Records for this exercise:
☆ ☆ ☆ ☆

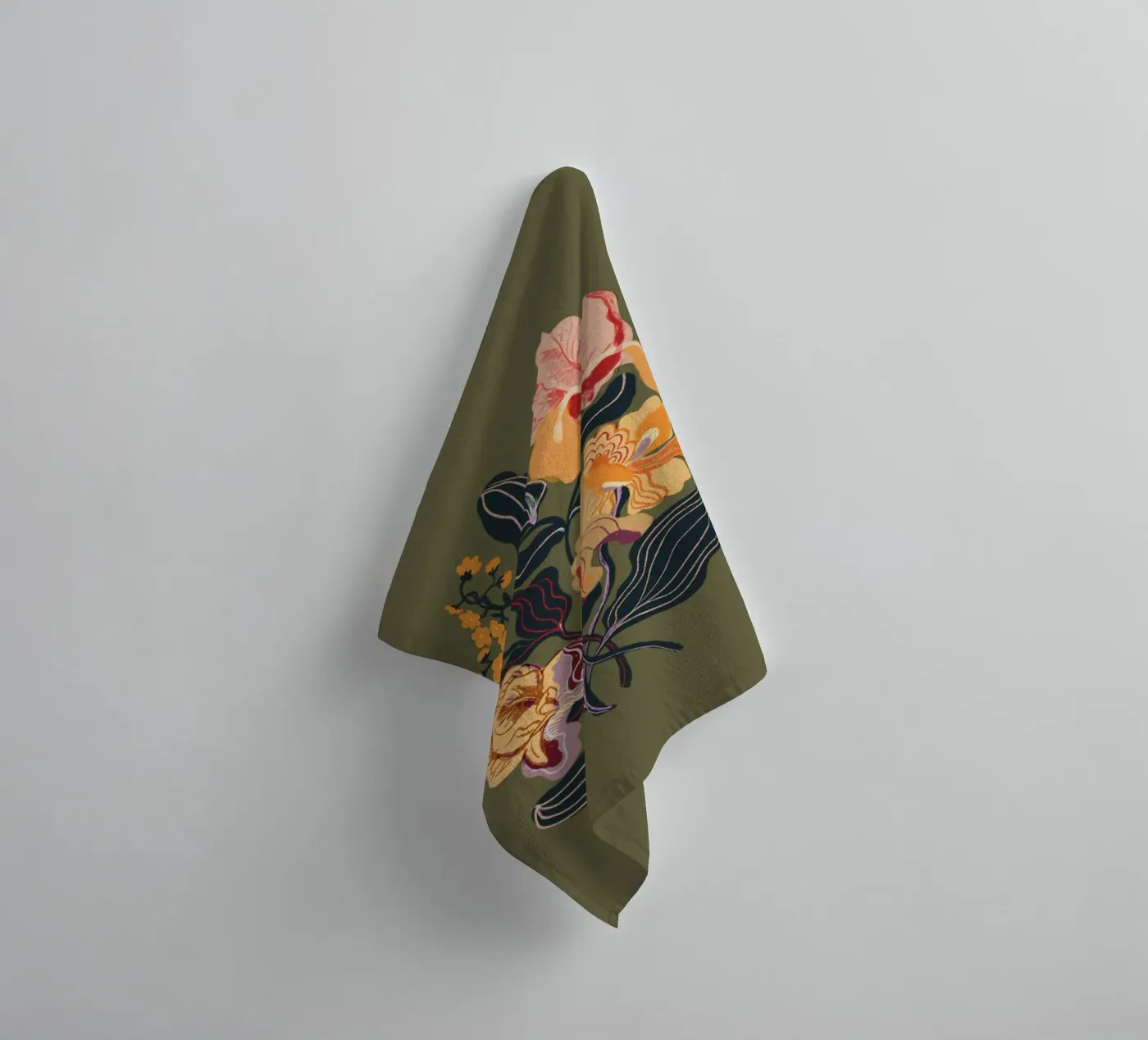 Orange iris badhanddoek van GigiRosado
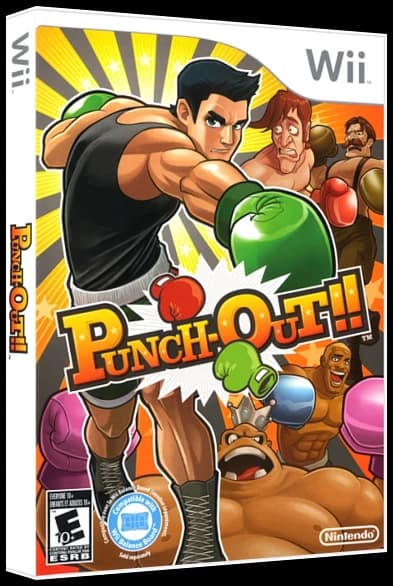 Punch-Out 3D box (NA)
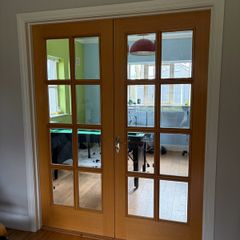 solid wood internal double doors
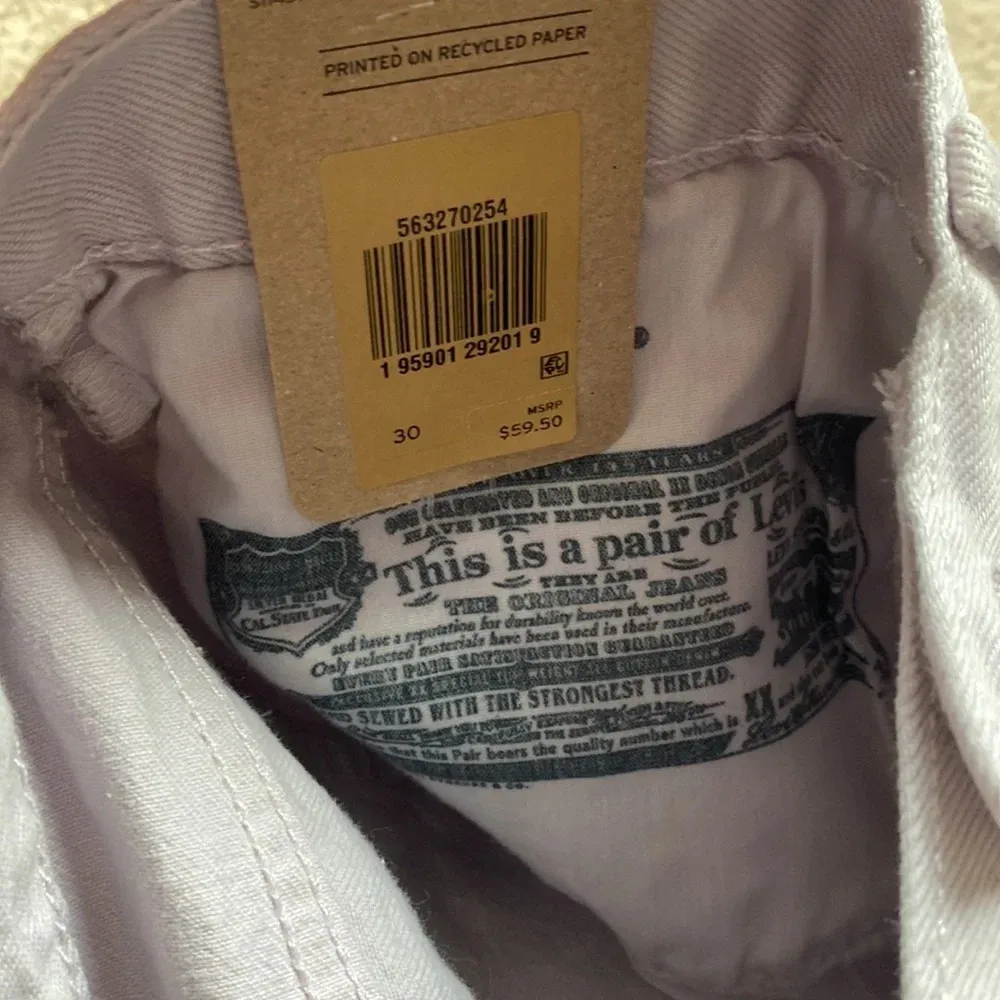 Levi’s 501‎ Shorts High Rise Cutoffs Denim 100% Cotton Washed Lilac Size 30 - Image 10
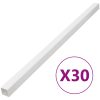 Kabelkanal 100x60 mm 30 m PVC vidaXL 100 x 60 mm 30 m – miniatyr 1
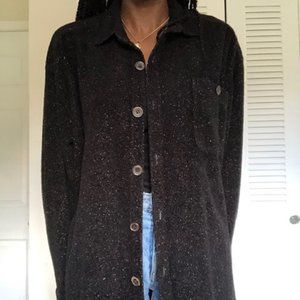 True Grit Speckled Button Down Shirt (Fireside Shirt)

☆ ☆ ☆ ☆

Action item: From the first line to the last, repeat the records exactly, leaving out the pictures.

Exercise solution:
 Orange iris badhanddoek van GigiRosado
 Punch-Out 3D box (NA)
 solid wood internal double doors
 Levi’s 501‎ Shorts High Rise Cutoffs Denim 100% Cotton Washed Lilac Size 30 - Image 10
 Kabelkanal 100x60 mm 30 m PVC vidaXL 100 x 60 mm 30 m – miniatyr 1
 True Grit Speckled Button Down Shirt (Fireside Shirt)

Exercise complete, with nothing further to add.